So the end of a another year of blogging. I started this blog at the start of 2009, right at the start of real turmoil in the Legal market. The worst recession in decades was in full swing and law firms were in a massive restructuring exercise that for some is still going on some two years later.
Over those two years in terms of Legal IT we’ve seen some of the big names of the past consolidate, some new players emerge and Legal IT become less niche in terms of IT and move closer to the main stream in terms of technology and demands on the IT departments.
In terms of this blog it’s been more successful than I could have imagined, it now averages about 1500 visits per month to the site and about 230 subscribers each day to the RSS feed. And this year I was short listed for the Computer Weekly blog awards.
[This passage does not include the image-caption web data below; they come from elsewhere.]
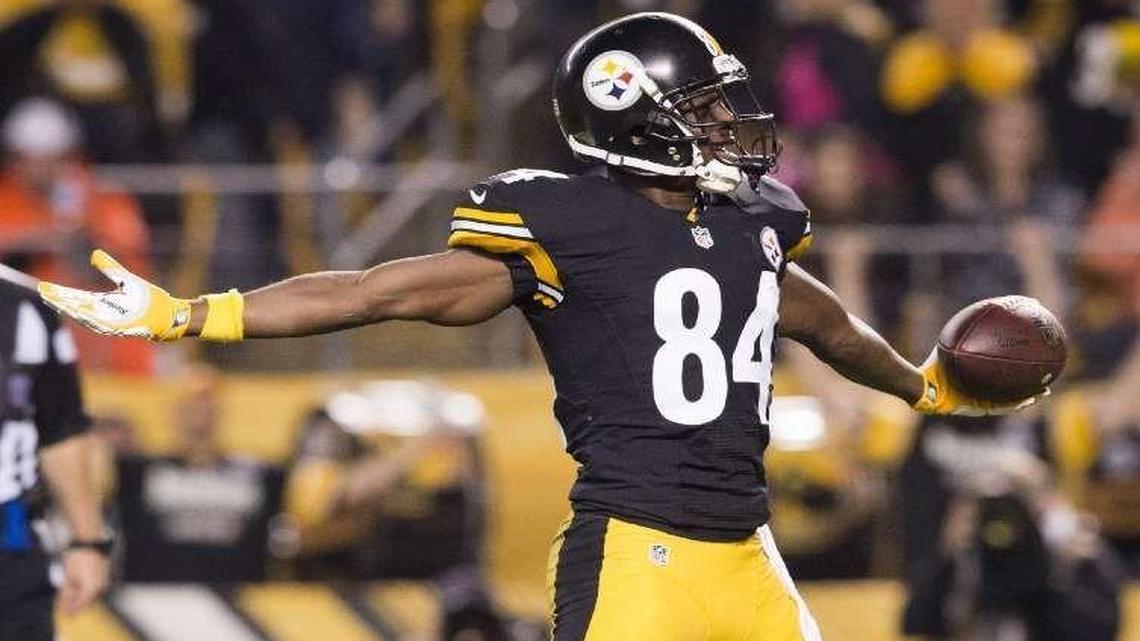 Steelers wide receiver Antonio Brown celebrated a touchdown in the first quarter of Sunday night’s game against the Chiefs.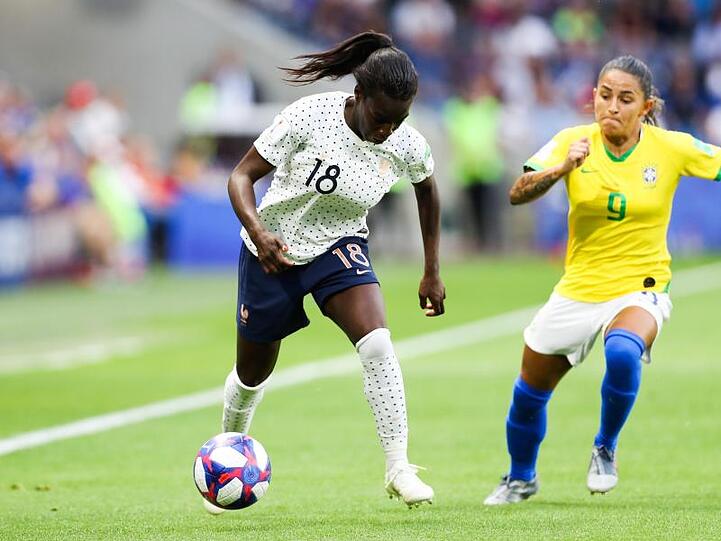 Brasiliens Debora Cristiane de Oliveira (r) und Frankreichs Viviane Asseyi kämpfen um den Ball. Foto: Vanessa Carvalho/ZUMA Wire/dpa/Archivbild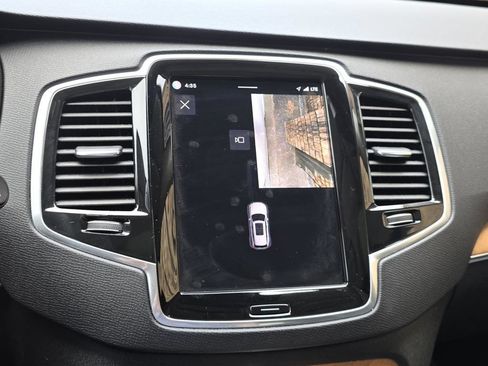 Used 2023 Volvo XC90 T8 Plus AWD/4WD image 18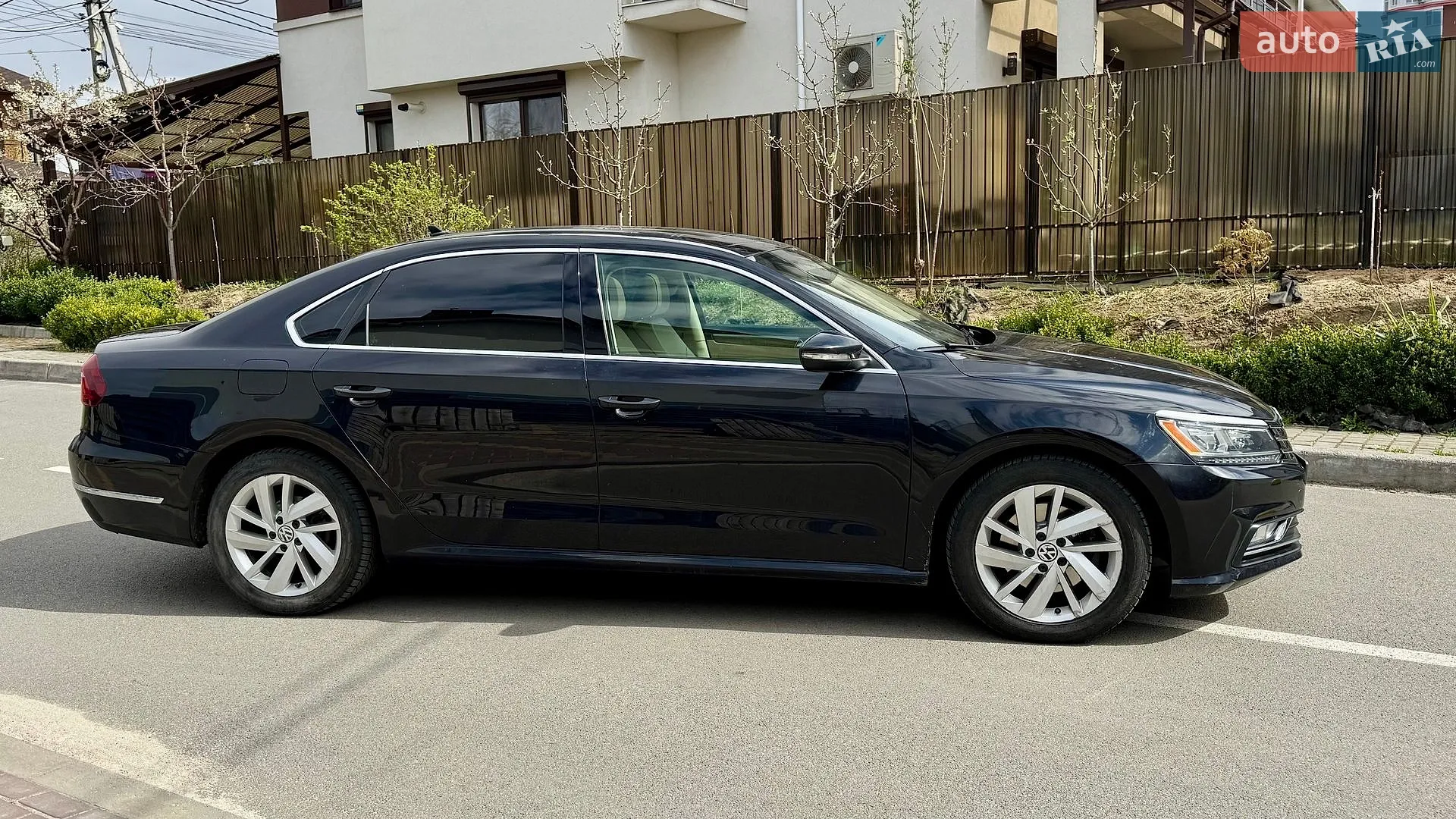 2018 Volkswagen Passat - мініатюра 2
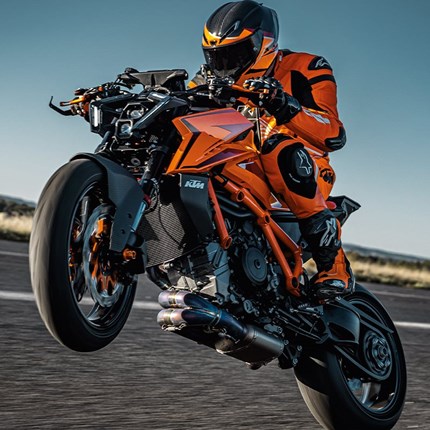 2025 KTM 1390 Super Duke R An der Spitze ist es angeblich einsam. Doch das liegt nur daran, dass man sich den Weg an die Spitze der Pyramide erst einmal  ... Weiter >>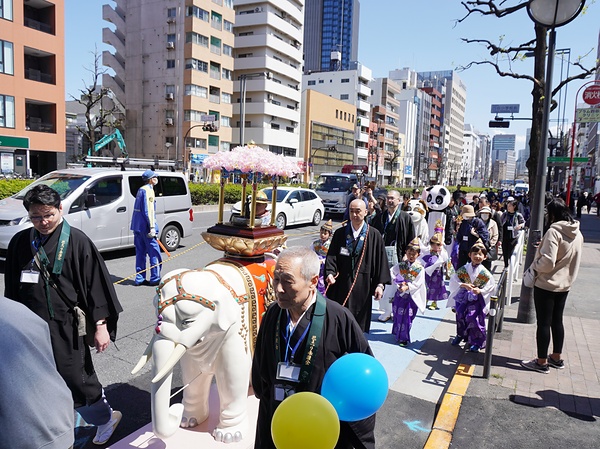 地域住民らが見守る中、約1㌔の距離を練り歩く稚児ら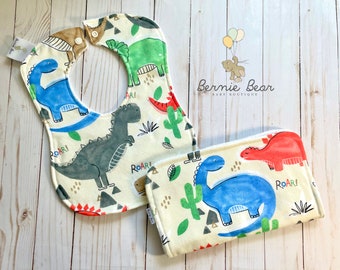Dinosauriehaklapp | Dinosauriedregelhaklapp | Dinosaurieuppblåsningsduk | Pojkegåva | Pojkehaklapp | Dinosauriegåveset | Dinosauriebabyshower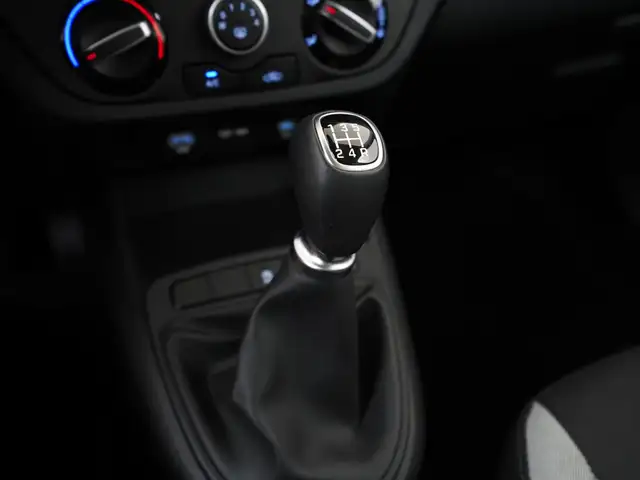 Hyundai i10 view 10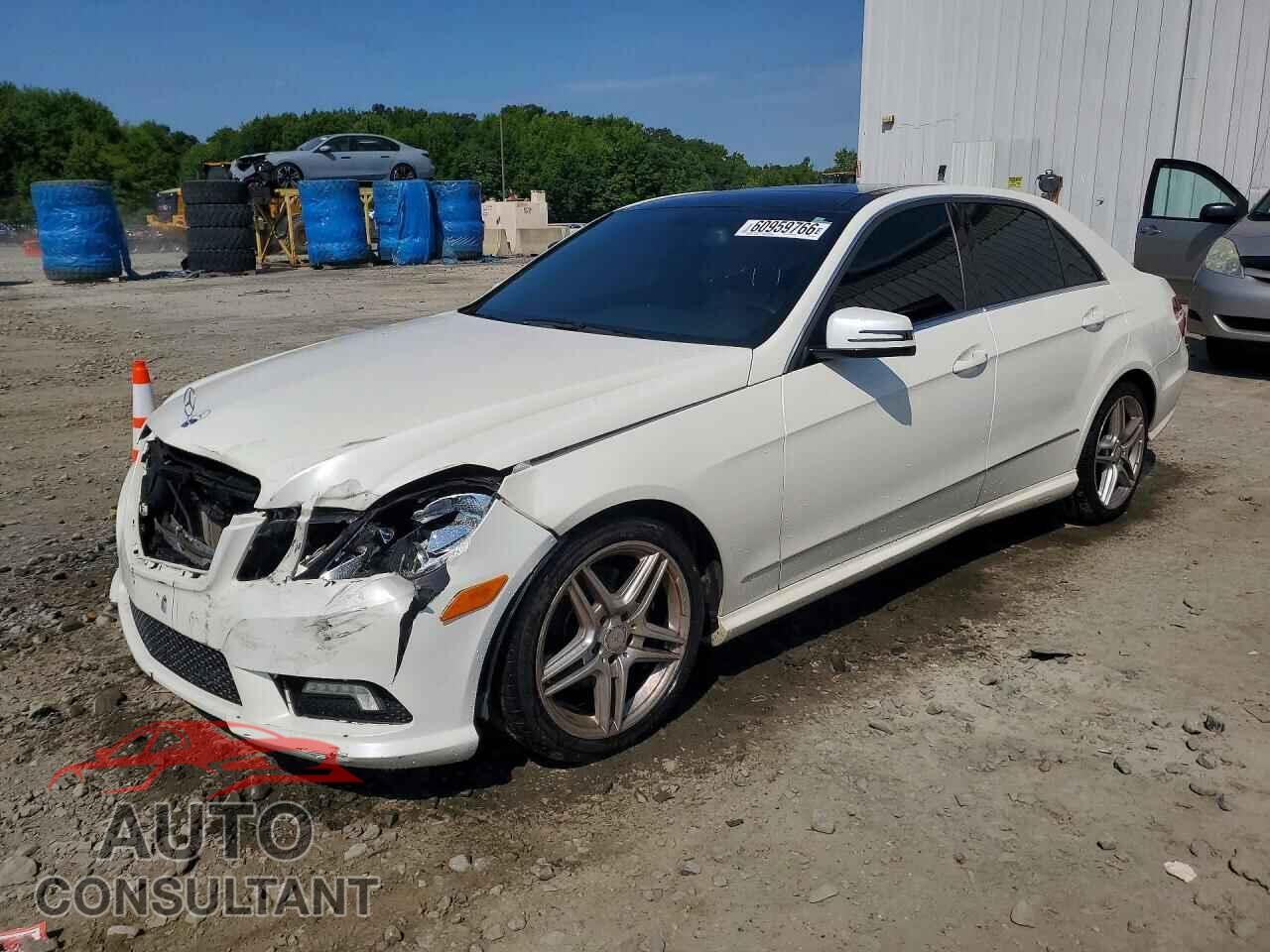 MERCEDES-BENZ E-CLASS 2011 - WDDHF8HB8BA370427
So all that remains for this year is to take a look at my predictions for the top 5 Legal IT technologies of 2010 made at the start of the year.
#5 Mobile Applications
Well given the proliferation of iPads at ILTA and the rise of the Android and iPhone’s I would say I was right on the mobile device being big in 2010. But what about the Applications? Well until the devices become more widespread I don’t think there will much more than email or document access applications in law firms (there of course are plenty of Apps that can and will be used by lawyers as personal productivity applications).
#4 – Search
Lots of talk in 2010, with a few firms bringing in pilots for enterprise search. Cost, integration and the “separate application” is holding this back I suspect. For those firms though who are iManage customers the IDOL engine is being introduced as part of their WorkSite 8.5 upgrades, this will bring experience of a major enterprise search engine to those depts.
#3 – Office 2010/Windows 7
Now this may not be “live” in many firms in 2010, but who hasn’t started looking at one of both of these products during 2010?
#2 Instant Messaging
Starting to make waves in 2010. It will be a slow uptake (a bit like email was back in the early 90’s) but like email I’m sure it will take hold. Maybe Lync will bring it front and centre next year?
#1 Speech Recognition
Well I was wrong on this one! Maybe more lawyers typing their own documents combined with good workflow in Digital Dictation systems is enough to cope with the shift in secretarial/fee earner ratios?
So that’s it, I may have been slightly off the mark with some technologies. But the others, maybe I was just a little early but they are starting to make it into some law firms. What do you think? Leave me some comments on what you think have been the main technologies making their mark in Legal in 2010.
So finally to finish 2010 a thank you to Legal IT Professionals who kindly publish my content on their site. And a big thank you to all who read and comment both here and over there. I hope you all have a great Christmas and New Year!
Any predictions for 2011? Thanks for some really interesting posts over the year.
Re: dictation – my take on this is that it only really gives lawyers a great productivity boost when you dictate tasks or mixed task/typing which are time consuming to actually do, but quick to dicate (“can you please open file XYZ.. do the standard letter re: costs and check ABC..”).
Dictating long blocks of text doesn’t save a great deal of time -vs- typing it in my experience. The typist probably has a better typing speed, but by the time you have reviewed the output and corrected / checked it the overall time spent probably isn’t vastly less.
Voice recognition dictation seems like a dead end in this context as it is really only useful for dictating the text (it won’t go and open a file for you).
The new systems are a lot more accurate than they used to be, but so far as I can see the output still needs checking and I don’t think the end result is much quicker than typing yourself.
Mobile apps is an interesting area too (especially where tablets are concerned). It will be interesting to see in 2011 how Apple’s App-centric approach and RIM’s “apps are dead use the browser” strategy pan out.